On Thu, Aug 15, 2013 at 9:39 AM, Stuart Henderson <st...@openbsd.org> wrote:
> On 2013/08/15 15:36, Henning Brauer wrote:
>> * Stuart Henderson <st...@openbsd.org> [2013-08-15 12:28]:
>> > On 2013/08/14 22:05, Philip Guenther wrote:
>> > I think that, as things stand, either the documentation or implementation
>> > are wrong:
>> >
>> > "The value unknown matches packets of forwarded connections."
>>
>> the uid/gid-of-socket code in pf hasn't been touched in ages if ever
>> after initial implementation, if it's wrong nobody noticed in many
>> many many years (not impossible).
>
> Probably nobody tried to use it... it was not obvious to me at
> first reading that the word "unknown" could be used as a literal,
> I thought it was just saying that for a forwarded connection we
> didn't know the username (which is obvious anyway..)..

See, my problem is that I go digging through the source :)

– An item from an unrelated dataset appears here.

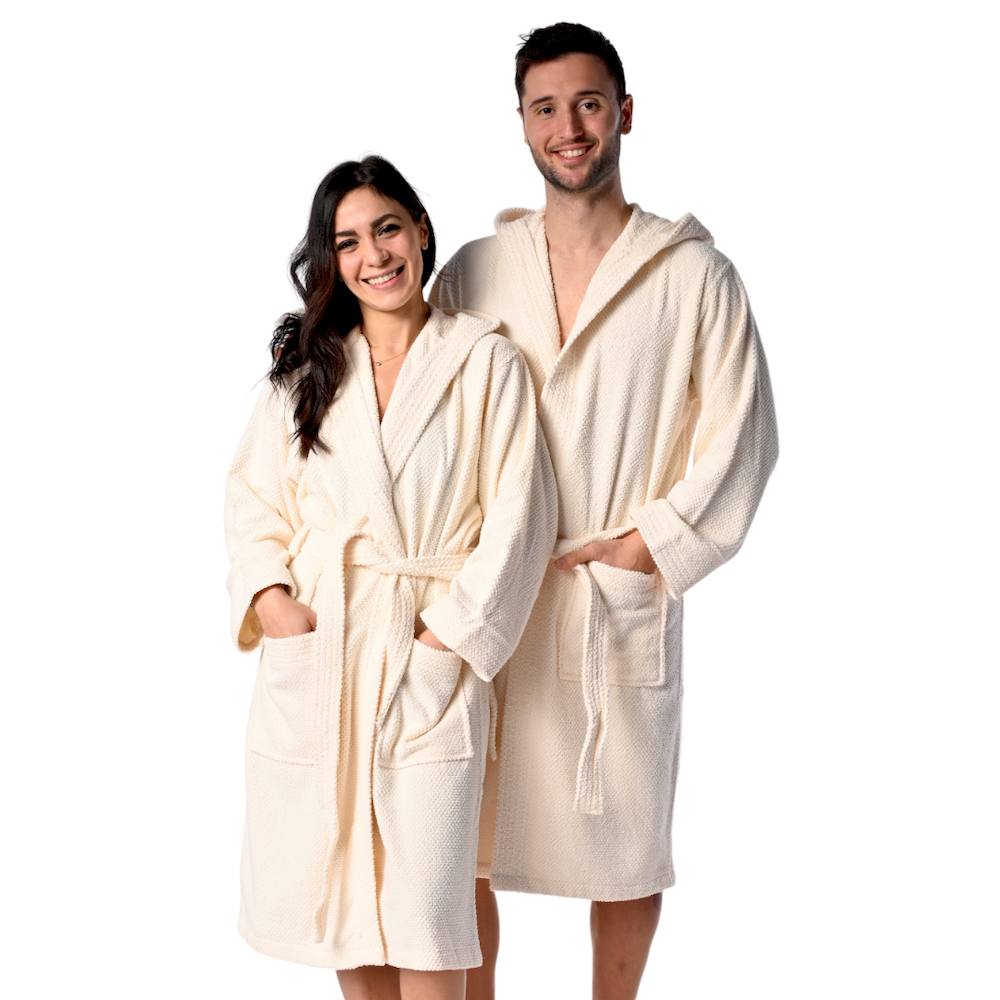 Accappatoio In Spugna Di Cotone 425 Gsm - Uomo/donna, Con Cappuccio, Tasche, Lavorazione A Chicco Di Riso - Morbido, Assorbente, Certificato AZO-FREE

The "unknown" user is translated to UID_MAX, which is what
pf_socket_lookup uses when the look-up fails. Unfortunately,
pf_match_{uid,gid} don't distinguish the "forwarding" case from the
"firewall is the destination, but nothing is listening" case. I
believe that this is part of the problem, but there are likely some
other issues. The correct operation should be this:

1. "user = unknown" passes if and only if the firewall is neither the
source nor the destination. Pure forwarding case inbound or outbound.

2. "user = X" passes if and only if the firewall is the source with
the socket opened by a matching uid (outbound), or the firewall is the
destination with a listening socket owned by a matching uid (inbound).

Then do the same for "group" and flip the logic for !=.